= AIM OF THE TASK =
An exact copy, beginning at the line containing "2 Brass Sextant" and ending at the final line of the records that follow, is the answer; it has no pictures and no other text.

= DATA FOR PROCESSING =
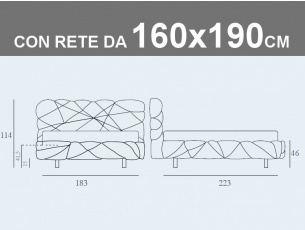 Misure del letto Noctis Marvin matrimoniale imbottito con rete a doghe da 160x190cm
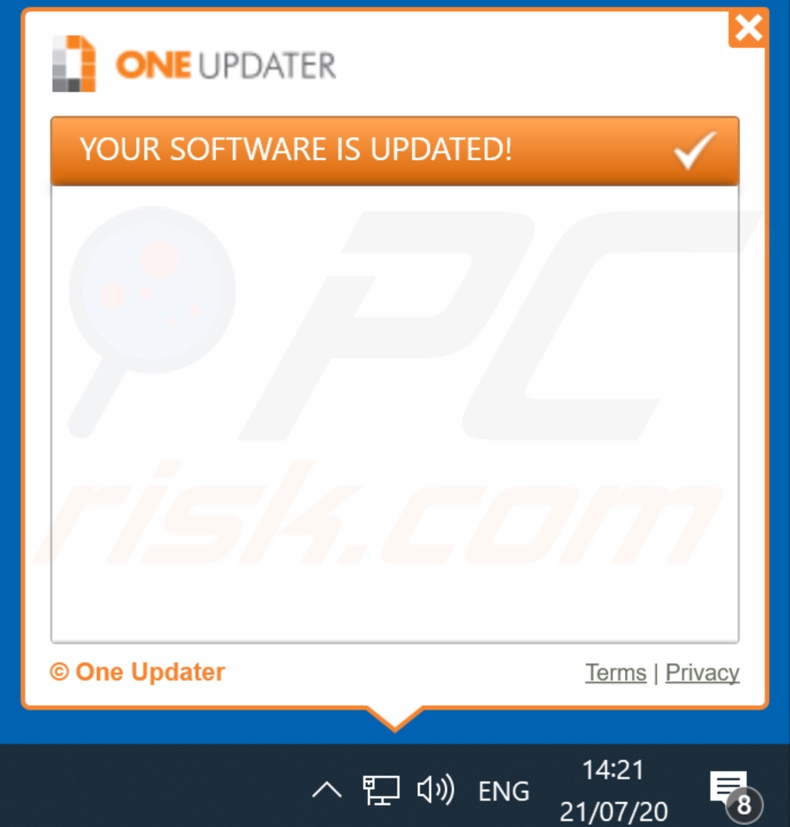 OneUpdater adware visualizzato pop-up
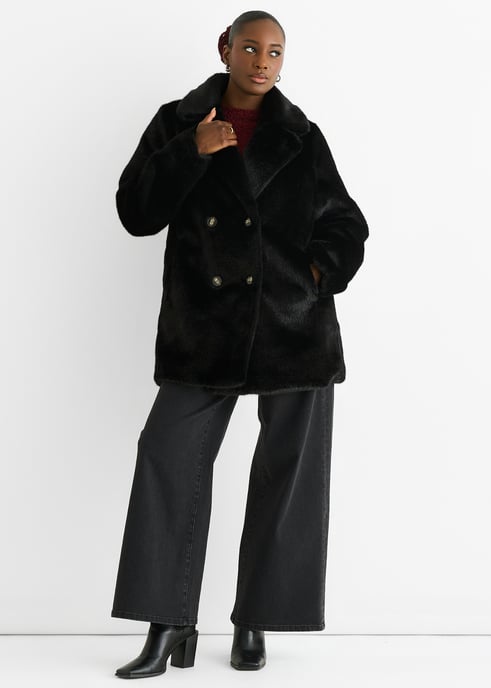 Black Faux Fur Double Breasted Longline Jacket - Image 1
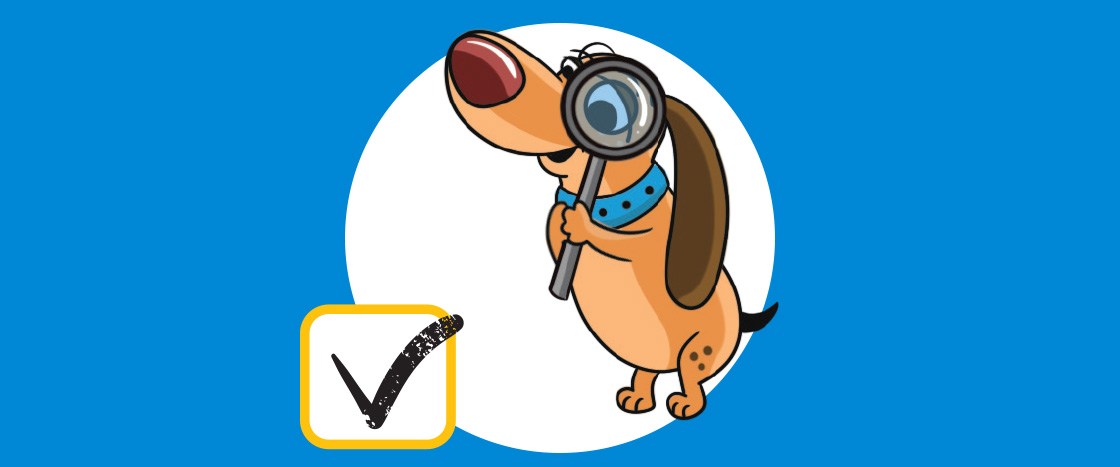 Illustration of Nosey the dog with a magnifying glass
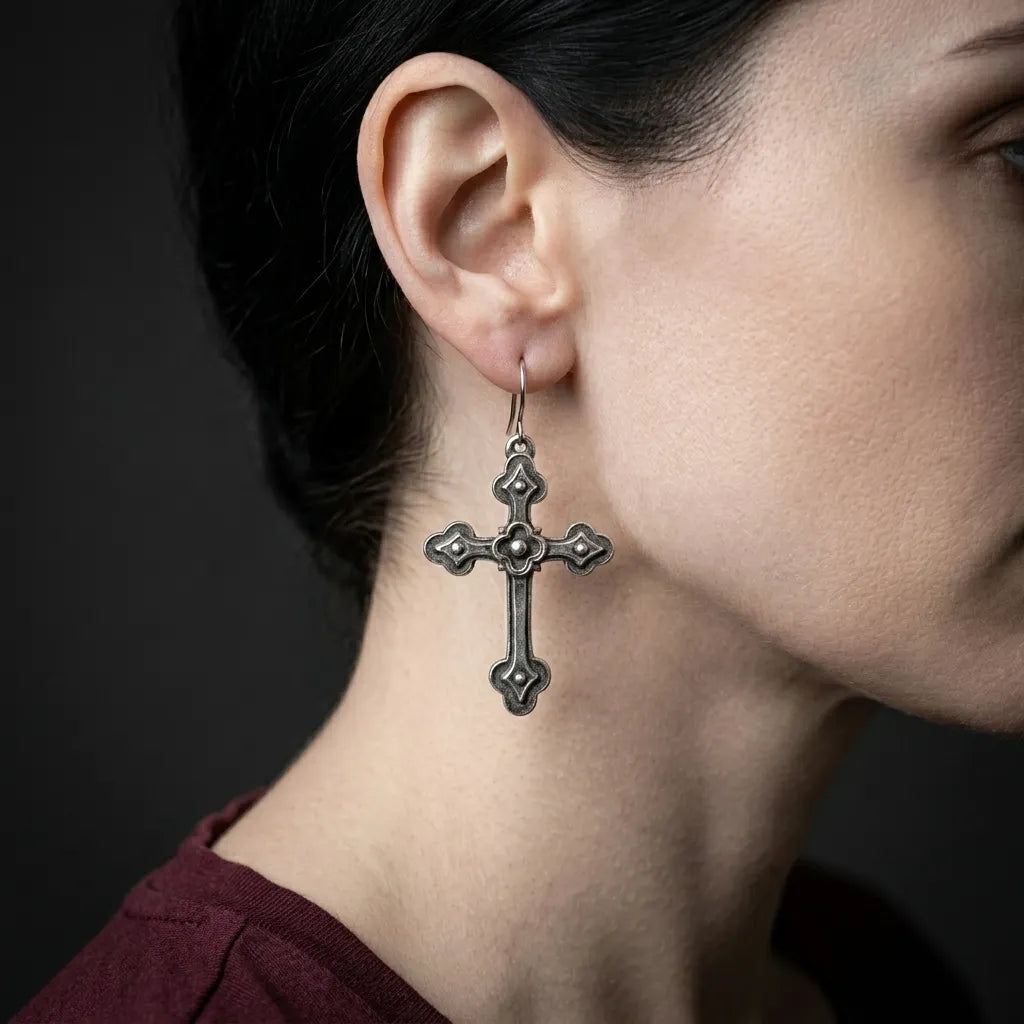 Shadow Cross Fleur Detail Antiqued Silver Earrings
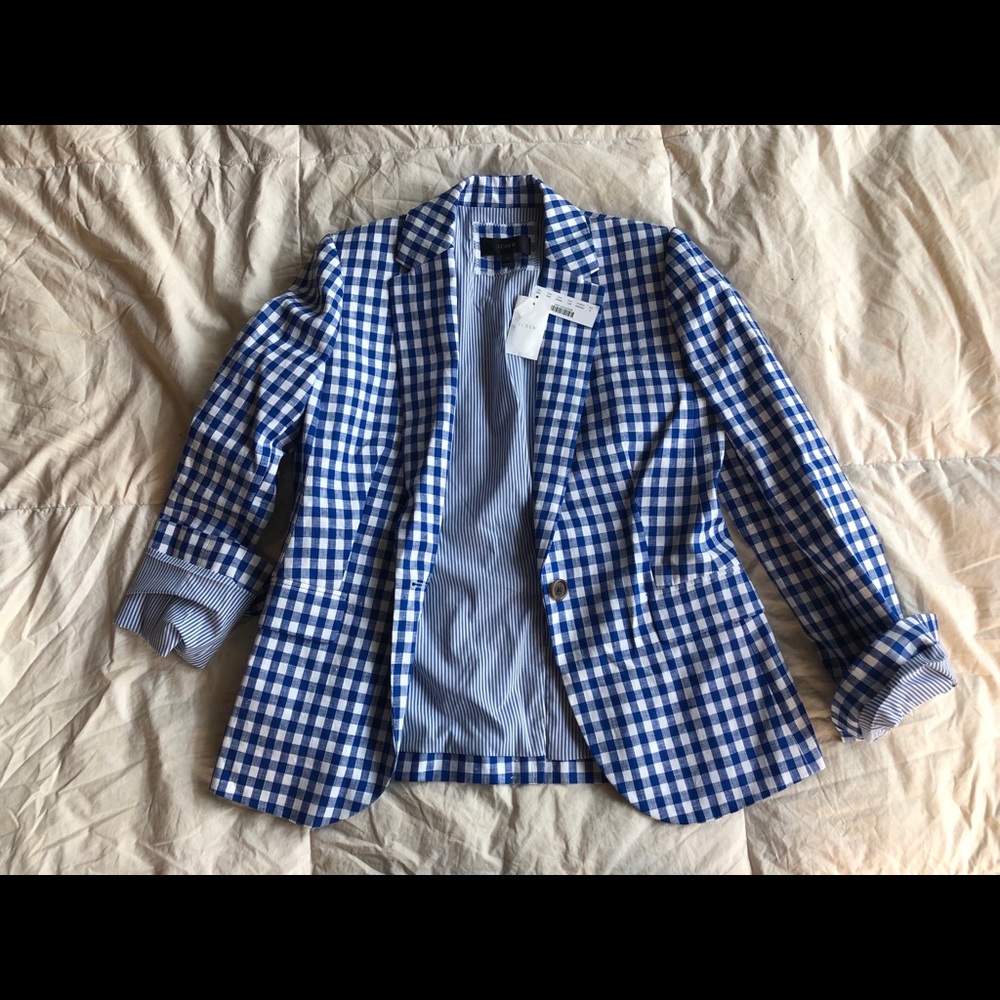 J.Crew Gingham Summer Linen Blazer
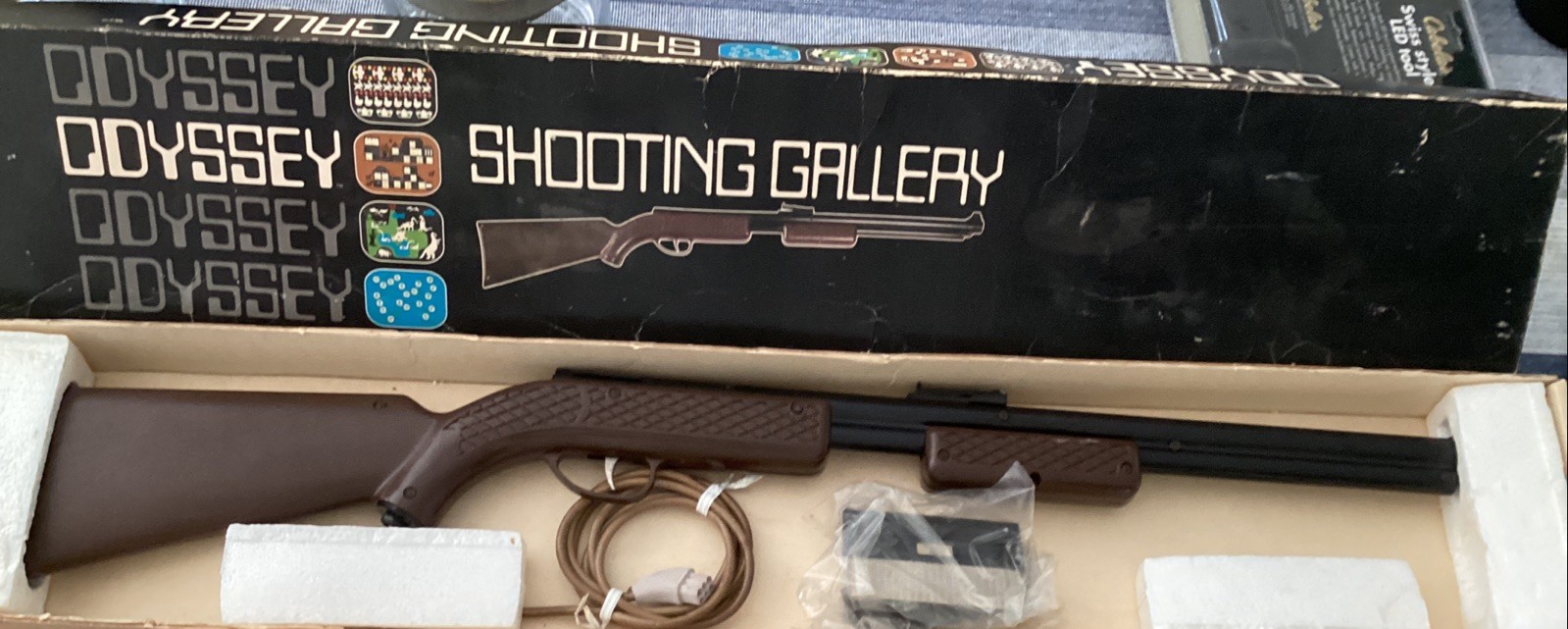 RARE Magnavox Odyssey Shooting Gallery Rifle Set in Box w/ Cards 9 + 10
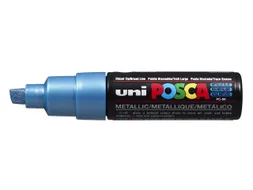 Verfstift Posca PC8K Brede punt 8mm schuin metallic blauw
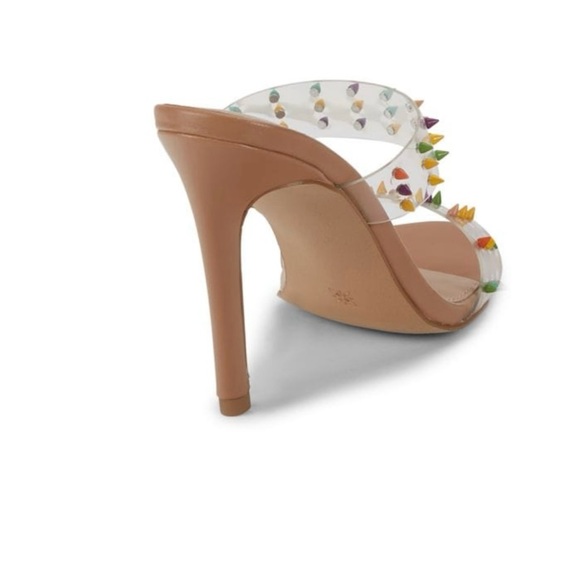 Colorful studs on the dual transparent straps enliven these sandals. - Picture 2 of 4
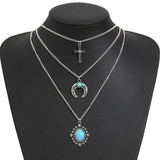 Artificial Turquoise Alloy Three-Layered Necklace - Trendsi - Flyclothing LLC
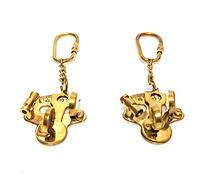 2 Brass Sextant Keychain-Key Ring Compass Propeller Fan for Car, Bike, Cycle and Home Keys Antique Brass Keychain Brass Keychain Nautical Key Ring for Gift -Collectible Keychain
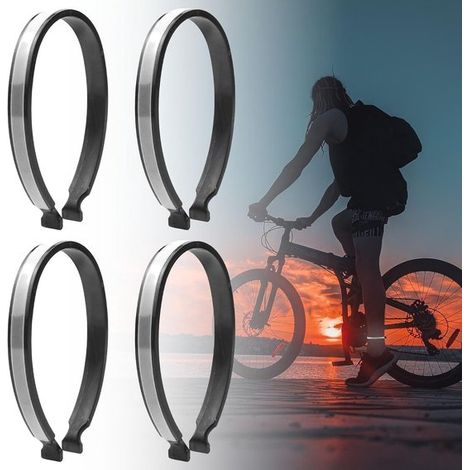 4 pinzas para pantalones de bicicleta,pinzas reflectantes para pantalones,pinzas para pantalones para ciclistas,protección para pantalones,gris (1/5)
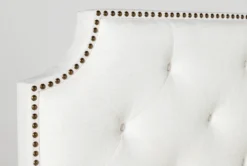 Sophia II California King Upholstered Panel Bed -Furniture Store 255538 beige fabric bed detail 04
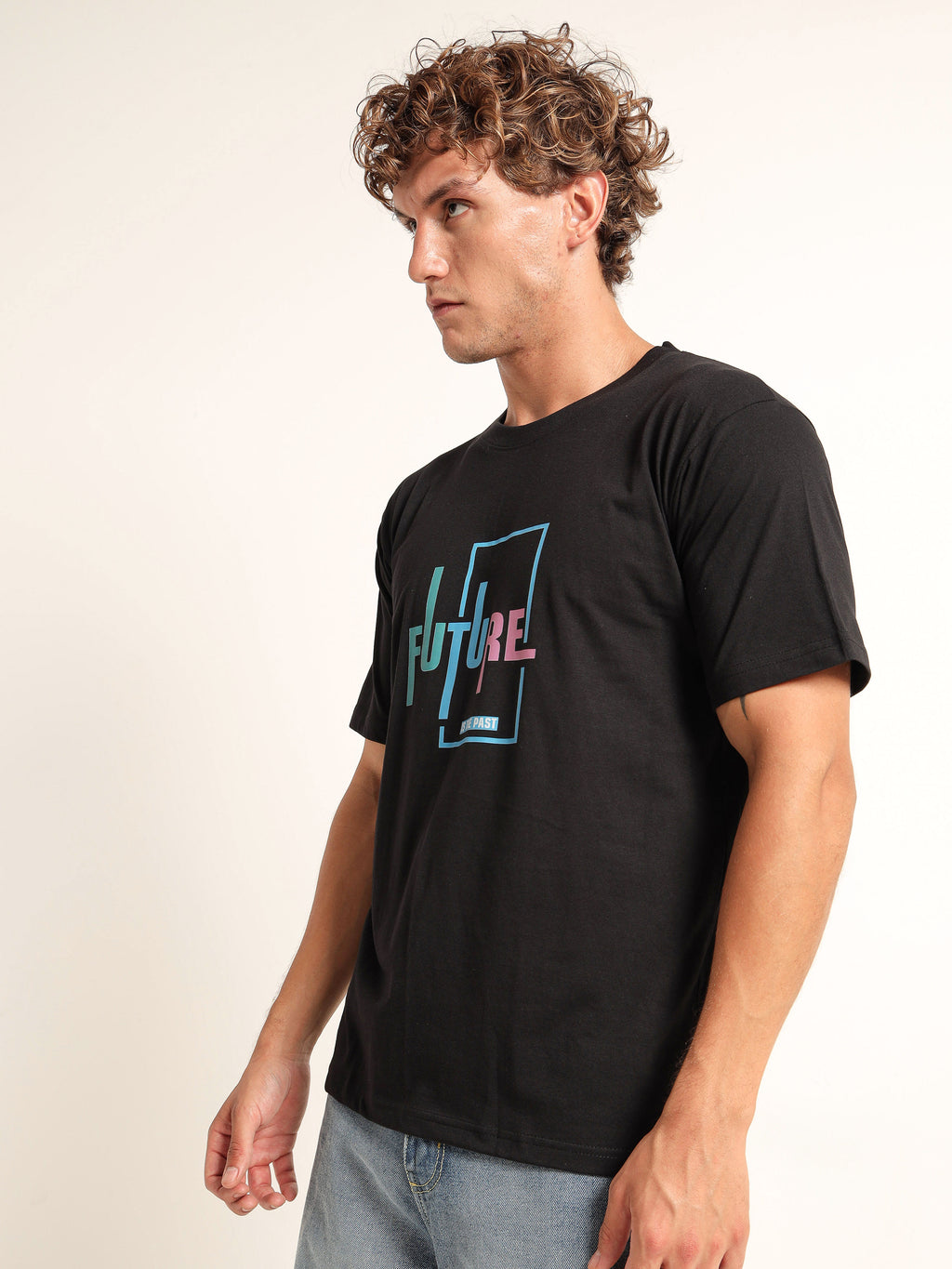 Men's Black and Multi-Color Future Graphic T-Shirt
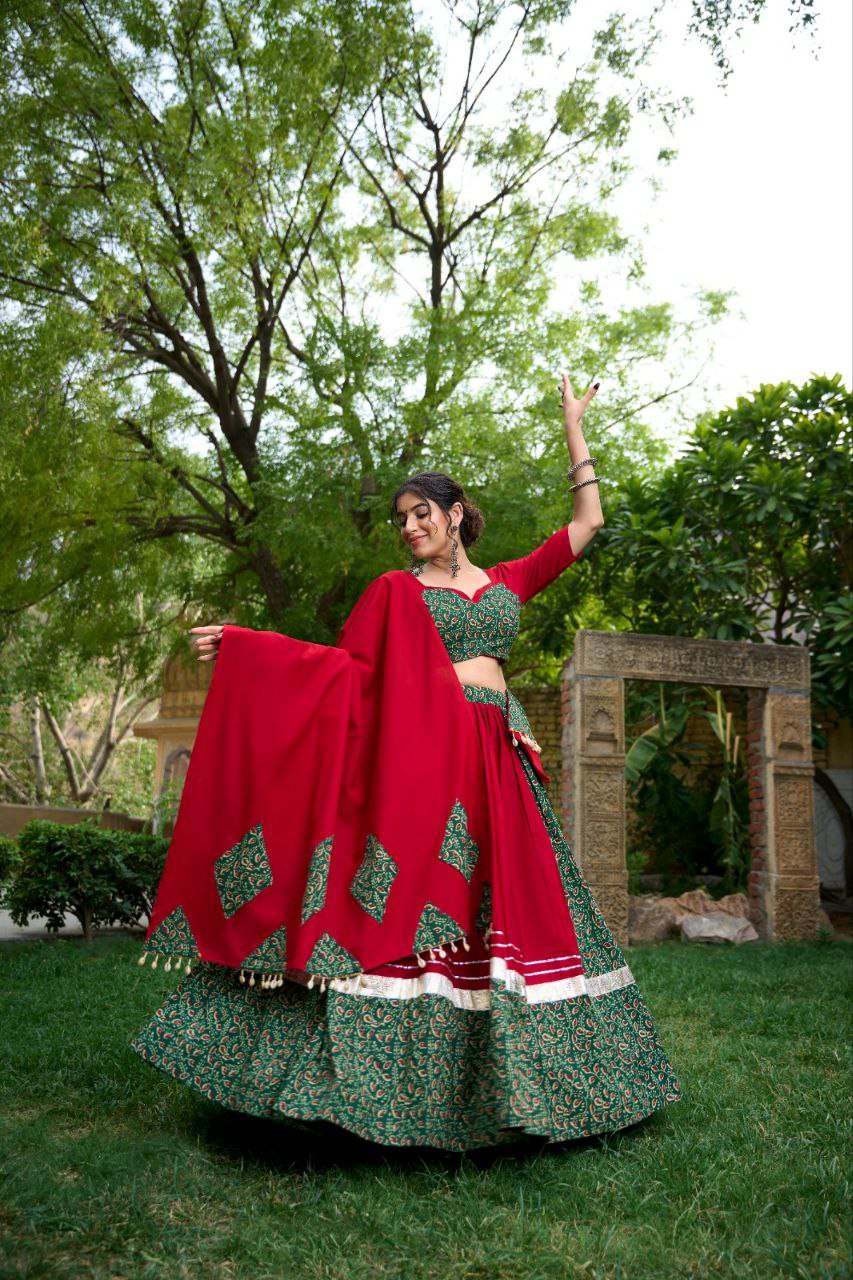 Navratri Collection - Beautifully Printed and Decorated lahenga with Genuine Mirror Work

= ANSWER TO THIS EXERCISE =
 2 Brass Sextant Keychain-Key Ring Compass Propeller Fan for Car, Bike, Cycle and Home Keys Antique Brass Keychain Brass Keychain Nautical Key Ring for Gift -Collectible Keychain
 4 pinzas para pantalones de bicicleta,pinzas reflectantes para pantalones,pinzas para pantalones para ciclistas,protección para pantalones,gris (1/5)
 Sophia II California King Upholstered Panel Bed -Furniture Store 255538 beige fabric bed detail 04
 Men's Black and Multi-Color Future Graphic T-Shirt
 Navratri Collection - Beautifully Printed and Decorated lahenga with Genuine Mirror Work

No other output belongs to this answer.